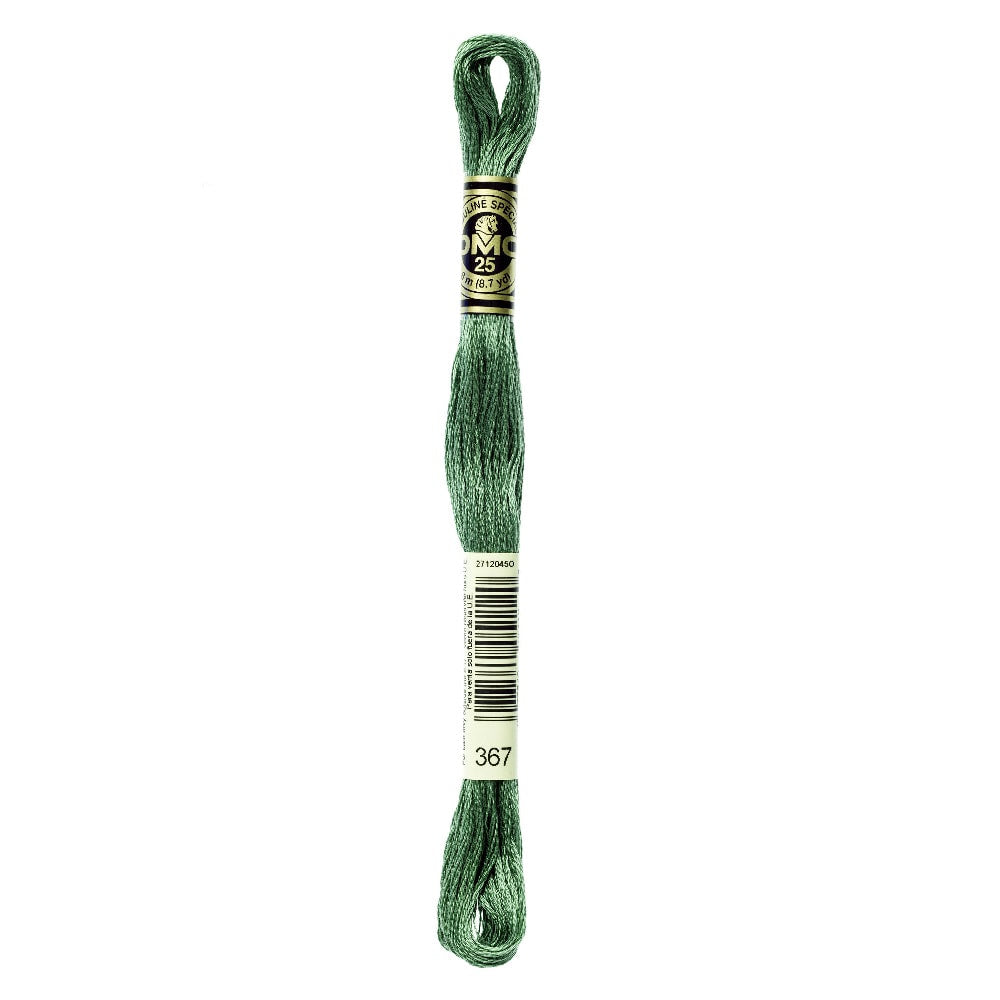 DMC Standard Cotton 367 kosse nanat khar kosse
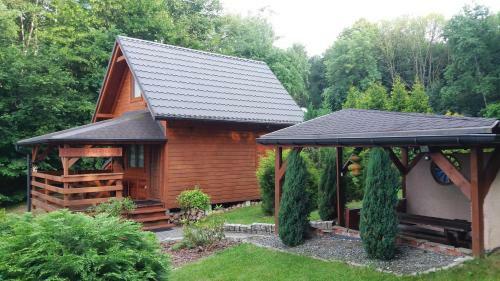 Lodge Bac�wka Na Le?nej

--

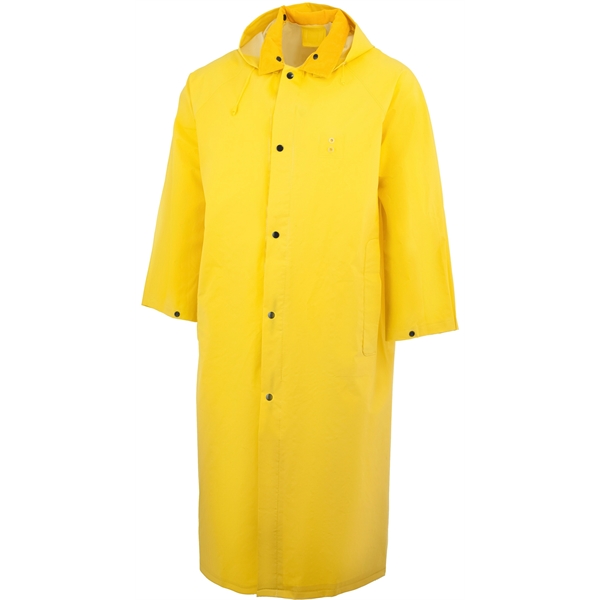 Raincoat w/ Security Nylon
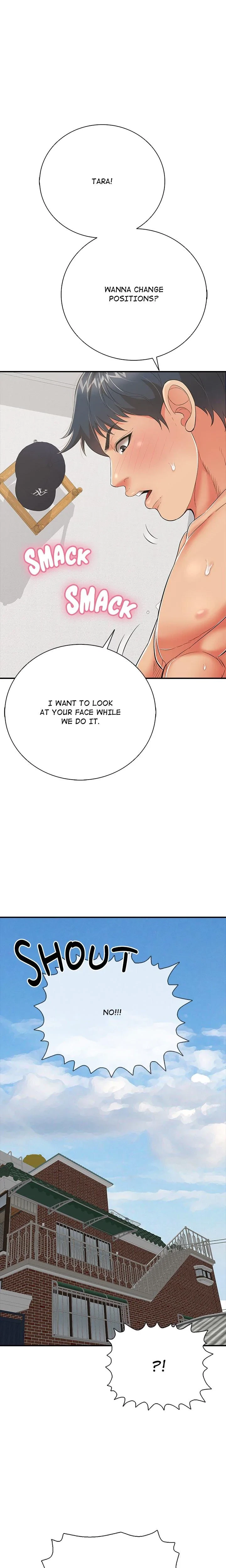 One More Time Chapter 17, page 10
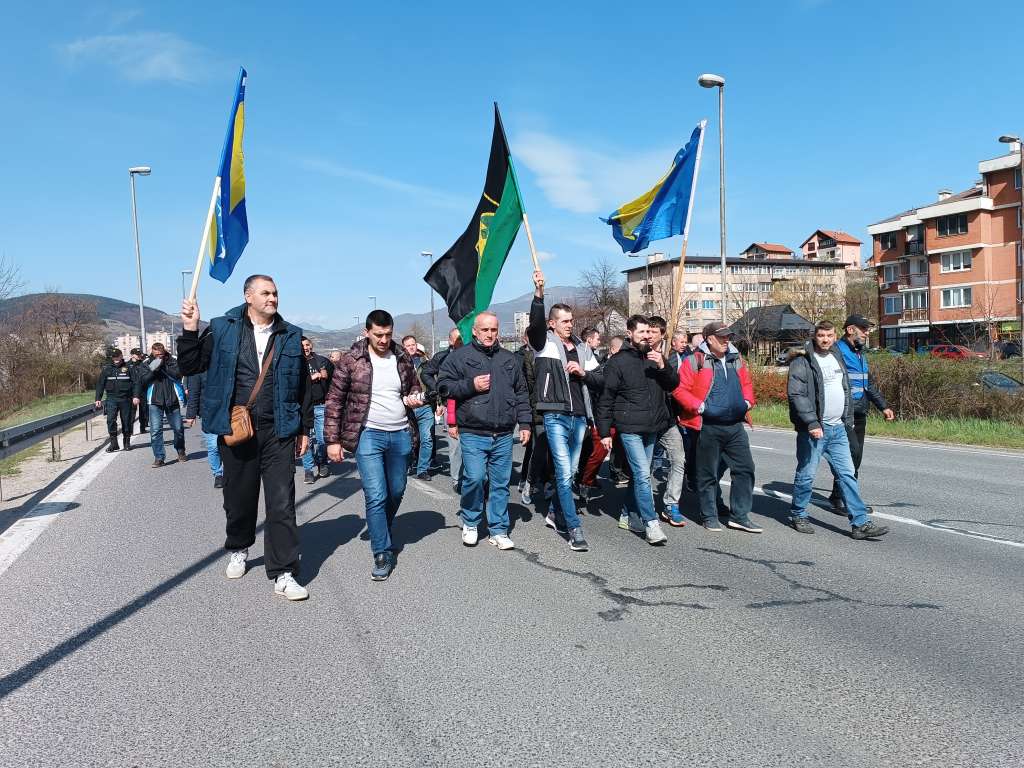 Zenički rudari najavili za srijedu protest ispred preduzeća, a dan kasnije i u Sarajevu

...

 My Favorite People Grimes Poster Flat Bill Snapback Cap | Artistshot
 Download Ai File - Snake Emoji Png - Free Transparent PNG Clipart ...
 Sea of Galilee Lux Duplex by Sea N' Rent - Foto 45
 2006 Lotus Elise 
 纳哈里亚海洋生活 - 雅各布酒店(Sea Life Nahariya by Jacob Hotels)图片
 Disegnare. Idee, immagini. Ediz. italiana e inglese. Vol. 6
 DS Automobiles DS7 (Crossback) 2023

Work required
In the listing above, find the line containing "DMC Standard Cotton" and the line containing "Lodge Bac�wka Na Le?nej", then output those two lines and everything between them exactly as written, without the images.

Response to this exercise
 DMC Standard Cotton 367 kosse nanat khar kosse
 Lodge Bac�wka Na Le?nej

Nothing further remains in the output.